There’s just something about the French that I adore.  Maybe it’s because of my namesake; mayhap I long to understand my lineage long-removed from the old country.  The first Souplis, Andres, landed in America in 1962.  It wasn’t long before the name was Anglicized closer to the name as we know it today.
French class is one of my favorites to teach, although I must say that teaching it one night a week for six weeks is next to impossible.  There are signature dishes, to be sure, but the country is so vast and the culinary traditions so deep, that it is very difficult to give even a skimming of teachings on French food.  But every year, when I teach about the southwest corner of the country, I reunite with an old friend: a la Perigourdine.  But more on that later.

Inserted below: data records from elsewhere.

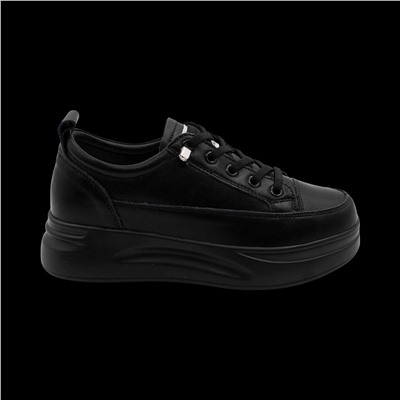 Кроссовки из натуральной кожи MS-S157-1 черные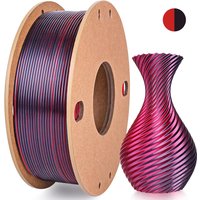 Dual(Black & Red) Silk PLA 3D Printer Filament 1.75mm,250g(0.55lbs)/1kg(2.2lbs) Shiny Multicolor Color Change Printing Filament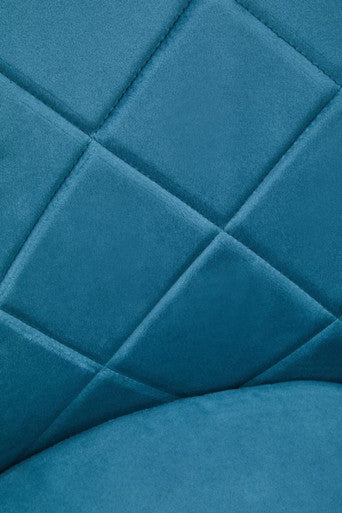 Light Blue Velvet Quilted Dining Chair with Gold Finish Legs | Tamzin
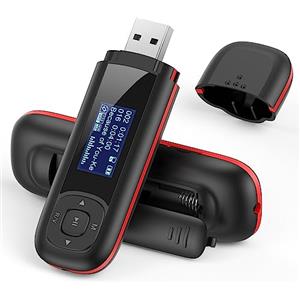 AGPTEK Lettore Mp3 Portatile con Chiavetta USB, Mini Lettore Musicale da 40GB Supporta Batteria AAA Sostituibile,Registrazione, Radio FM,Trasferimento Dati,espandibile Fino a 128 GB, Nero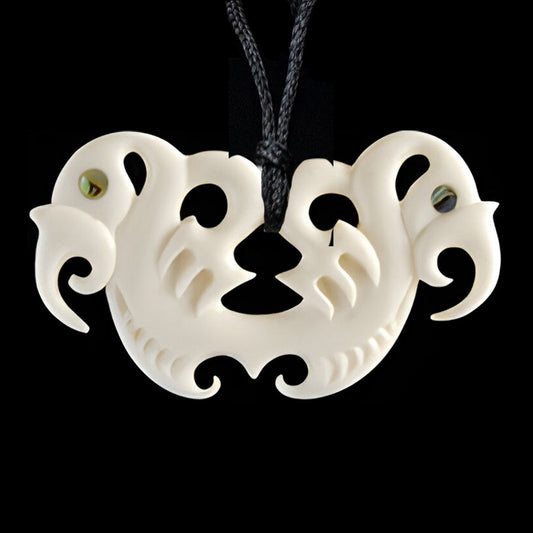 Pekapeka - manaia style, hand-crafted bone pendant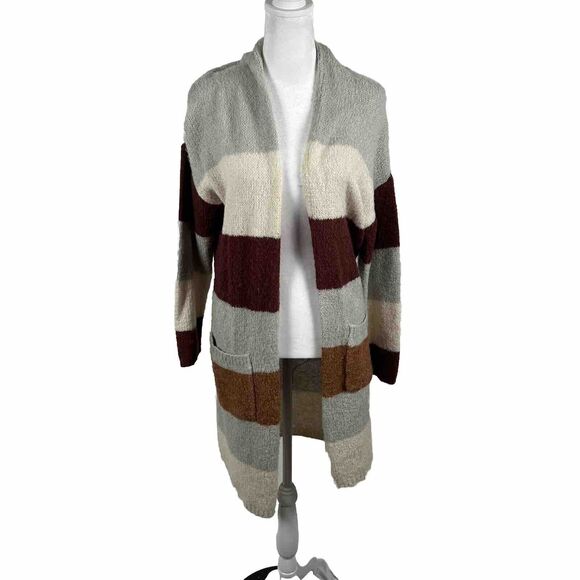 entro Sweaters - Entro Multicolor Acrylic Cardigan Sweater Top Long Sleeve Small Casual Red Gray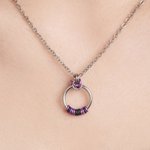 Personalizado Código Morse Mensaje Oculto Anodizado Círculo Collar Collares Joyería Collar sumiso Cumpleaños Aniversario Regalo para las mujeres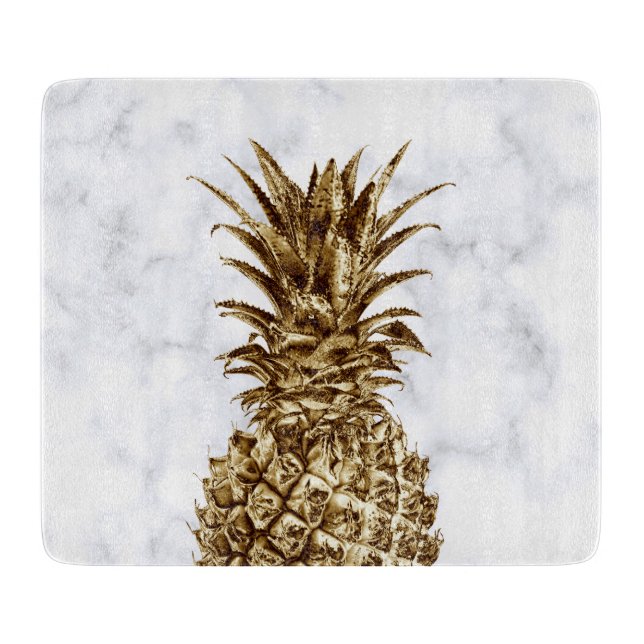 Stylish pretty girly gold & white marble pineapple cutting board (Front)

I’m sorry that you have to suffer through this, but every now and then I have to write about something that I know most people will not cook.  The time and the ingredients alone will be an immediate turn-off for many of the readers out there.  Of course, the fact that I’m writing about slugs might have something to do with it as well.
OK, maybe they’re not slugs, but rather snails, or escargots.  But this classical French combination transcends normal escargots and brings it to a whole new level of cool for me.
When things are cooked “a la Perigourdine,”or in the style of Perigord, there are a few essential ingredients that find themselves in the dish: black truffle, ham and walnuts.  “Walnuts with snails?” you may ask yourself.  Yes, walnuts with snails.  Slimy, sidewalk-trekking garden snails.  And they are delicious.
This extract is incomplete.